If you too are a fan of Samantha Allen’s previous lesbian Sasquatch-related work, well, I actually have no idea if you will like this or not. It’s completely different. Instead of horror, we’ve got romance, instead of reality TV satire, we’ve got an aging movie star coming out of the closet (while being a ghost). And the “sex” in this . . . you’ve just got to read it. I cannot describe it you, and anyway I don’t want to ruin the surprise.
As the title says, Roland Rogers is a ghost, but he’s not fully gone. Having woken up dead in the snow and laboriously dragged his incorporeal self back to his house, learned to email with nothing but his lingering effervescence, and then contacted his agent, he’s ready to tell his life story, and finally come out of the closet as gay—and he needs to do it before his body is found under the snow. Enter our main character, Adam, an ex-Mormon writer, most famous for having written a coming out memoir about being a gay Mormon. Roland read this book and liked it a lot, so he thinks of Adam first thing. Adam hasn’t been having great luck with his career after his buzzy debut, and this would be a HUGE break for him.
It’s great fun watching the two “meet” and learning to work with Roland’s “condition” in order for Adam to get the story he’s being paid a lot of money to write. The story is very, very silly at times, in a very weird way. And it will also resist giving you what you want, so just be prepared for that. I am not calling this a romance novel for a reason, because that comes with expectations. But even while it’s being very weird, there is also a strong emotional core here. Even dead, Roland has some things to work through that he couldn’t in life.

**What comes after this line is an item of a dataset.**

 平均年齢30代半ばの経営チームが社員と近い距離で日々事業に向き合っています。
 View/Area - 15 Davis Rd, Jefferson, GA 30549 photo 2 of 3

And Adam hasn’t exactly been thriving.
The only reason I didn’t give this five stars is Roland’s best friend, a woman he was fake dating for a very long time, and who views Adam as competition. I just felt weird about her and didn’t quite get what the author was going for with her (besides providing conflict). Still, even with that complaint, this was a really good time.
I wonder what genre Samantha Allen will bring her weird to next.